Green Bean, Potato & Corn Salad
Ingredients
- 2 medium potatoes, chopped into ½-inch pieces
- 1 garlic clove, minced
- ½ cup green beans, sliced into 1-inch pieces
- ½ cup uncooked Israeli couscous, or use quinoa if gluten free
- ½ cup cherry tomatoes, halved or quartered
- ½ cup corn (about 1 ear), grilled and sliced off the cob, or raw
- ½ cup chopped basil leaves
- 1 tablespoon minced fresh oregano leaves
- 1 tablespoon capers, drained and rinsed
- Extra-virgin olive oil, for drizzling
- Sea salt and fresh black pepper
- Add a protein! (optional: tuna, shrimp, or white beans would work well here)
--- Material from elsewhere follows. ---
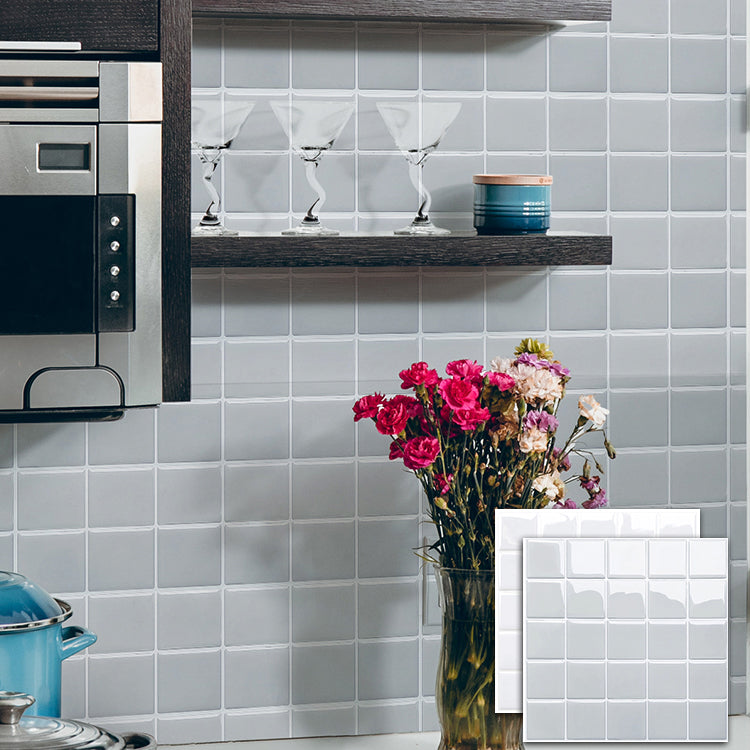 Mosaic Tile Wallpaper Plastic Grid Peel and Stick Backsplash Wall Tile Grey 50-Piece Set Clearhalo 'Flooring 'Home Improvement' 'home_improvement' 'home_improvement_peel_stick_blacksplash' 'Peel & Stick Backsplash Tile' 'peel_stick_blacksplash' 'Walls & Ceilings' Walls and Ceiling' 7099987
- 2 tablespoons extra-virgin olive oil
- 1 tablespoon lemon juice
- 1 tablespoon champagne vinegar (or white wine or red wine vinegar)
- 1 teaspoon Dijon
- 1 garlic clove, minced
- ½ teaspoon agave or honey
- Sea salt and fresh black pepper
Instructions
- Preheat the oven to 400 degrees. Toss the potatoes with a drizzle of olive oil, the minced garlic, and pinches of salt and pepper. Roast potatoes in the oven for 25-30 minutes, until browned and crispy.
- Make the dressing: Whisk together the olive oil, lemon juice, vinegar, Dijon, garlic, agave, and pinches of salt and pepper. Taste and adjust seasonings.
- Set a bowl of ice water aside a large pot of boiling water. Drop the chopped green beans into the boiling water and blanch for about 1 minute. Transfer to the bowl of ice water and let them cool for a few minutes. Drain and set aside.
- Boil the Israeli couscous in salted water for 6-8 minutes, or until al dente. Drain and rinse.
- Combine the potatoes, green beans, couscous, cherry tomatoes, corn, basil, oregano, and capers and toss with the dressing. Taste and adjust seasonings, adding salt and pepper as desired.
- Serve warm or at room temperature. (it would probably also be good cold...but we didn’t have any leftover to test that out the next day).